I’m unsure of exactly how we decided on using these kinds of memories to inform the design of Bum-bo.  I do know that, once we had decided on using Bum-bo as our central character, Edmund and I would talk at great lengths about our childhoods; the lack of hesitation we had in regards to building our imaginary worlds, and ever present drama of our home lives serving as this ever-present backdrop to our childish art.  This seemed to fit without the world of Bum-bo and Isaac, and we agreed unanimously to create the game entirely of Popsicle sticks, tape, paper and cardboard.

When the aesthetic was chosen, it just seemed natural that it would take place in various cardboard boxes.  While the scope and quality of all the elements in the game are more exaggerated than what one child would be able to do, we still wanted to limit it within the realm of possibility.  Would an eight year old James be able to craft an intricately detailed sewer?  Not exactly, but I’d compromise by painting a box to have the details of a sewer, and add additional cardboard shapes where it felt lacking.
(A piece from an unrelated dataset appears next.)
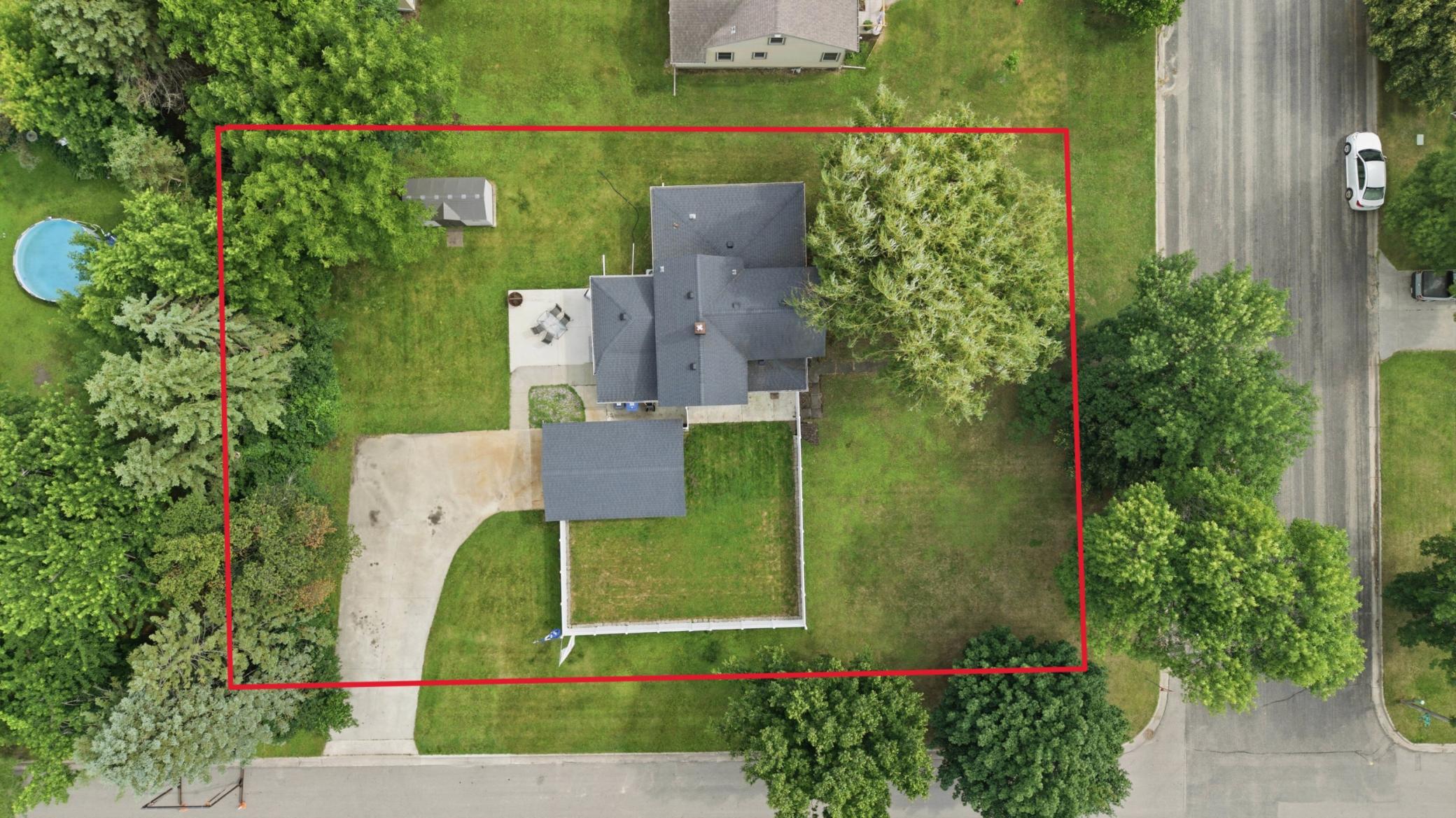 716 3rd Street, Hawley MN 56549 - Photo 20 of 21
We had decided that all the pieces would then resemble the board game pieces I used to make.  Enemies would be flat, but stand up on their own, like doorways in Hero’s Quest. Items and puzzle pieces would resemble tokens from something like Dungeon!. Essential environment pieces like platforms and NPCs would be arranged and animated like the house in 1313 Dead End Drive.

A design like this establishes clear rules for creating the 3D models.  First, all models would have to appear to have been created from sheets of cardboard.  All 3D details would have to be created by either layering cardboard, bending it, wrapping it, or crushing it. Second, animation would have some real world explanation.  Cardboard elements with large frames of animation would make the characters seem to have a life of their own, making the real-world aesthetic redundant.  Fewer frames of animation, each a new cardboard object, more closely resembles how I would “animate” characters I created as a child.  My dopey barbarian got injured?  I’ll just switch his bad-ass paper figurine with one of his guts dripping out.
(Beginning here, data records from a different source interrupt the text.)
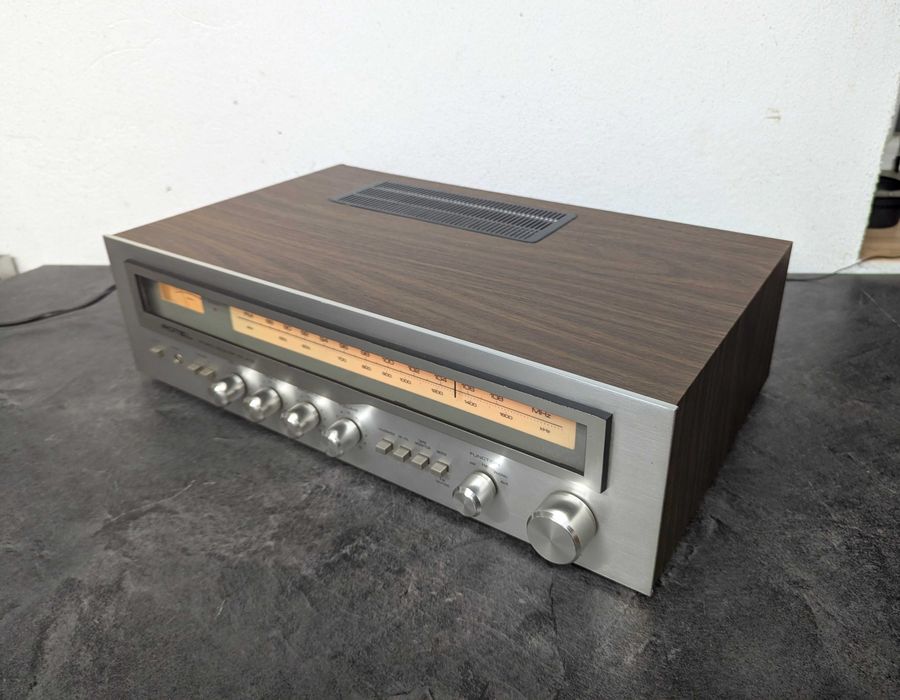 Cтерео ресивер Rotel RX-403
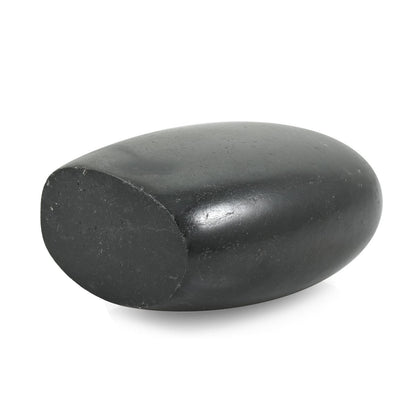 Black Tourmaline Free Form – A Unique Gemstone Accent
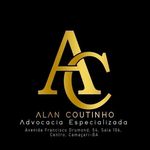 Alan Coutinho - @adv.alancoutinho - Instagram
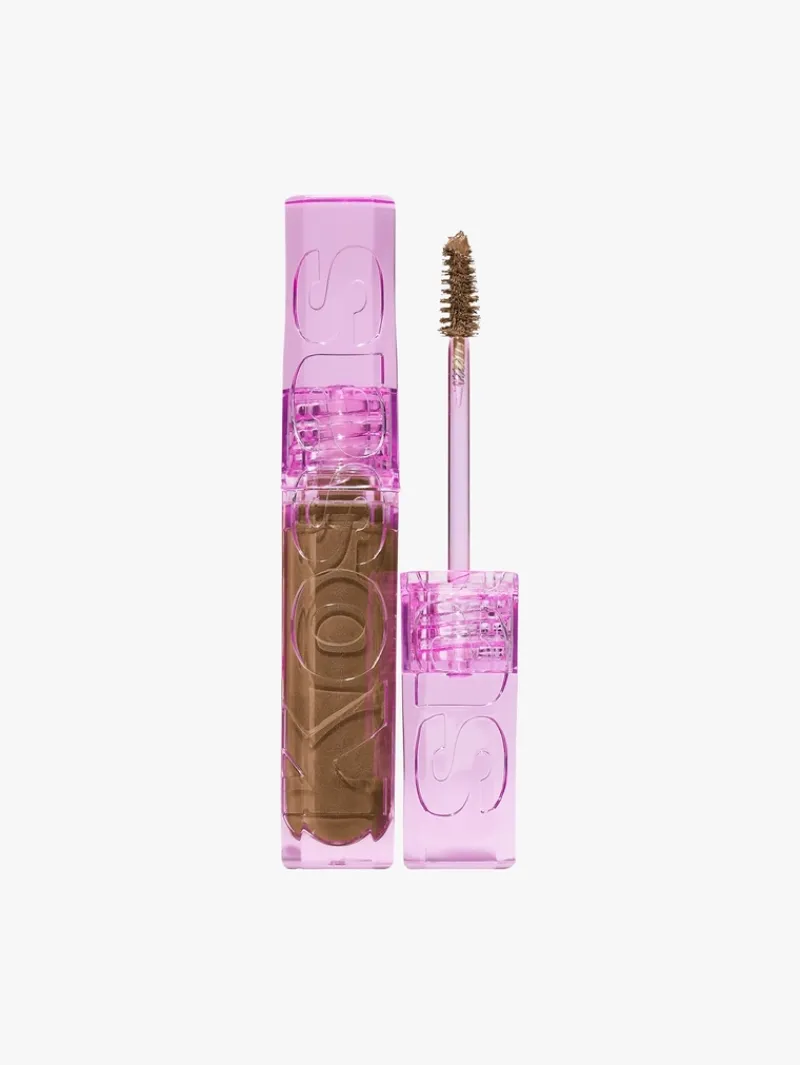 Kosas Air Brow Fluff & Hold Treatment Gel | MECCA Clearance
Edmund designs all the characters, items and the HUD using Adobe Animate, and I then use those illustrations to model a cardboard cut out.  Depending on the character’s size, I will create extra layers of cardboard or build it out more like a paper craft model.  I then create textures to put the illustrations on to appear like the character was drawn on cardboard, instead of the cardboard being made for the drawing.

To truly sell the aesthetic, I’ve relied heavily on scanning real elements, and creating textures for physically-based rendering. Using real scans and software like Allegorithmic’s Substance Designer, I can create cardboard that has the subtle wear and ribbing, along with illustrations that don’t quite cover the surface, as permanent markers tended to not do.

It is my hope that the focus we’ve had on the aesthetics of the game does more than break the fourth wall: We hope to capture the feeling of playing as a child who is playing with characters he has created.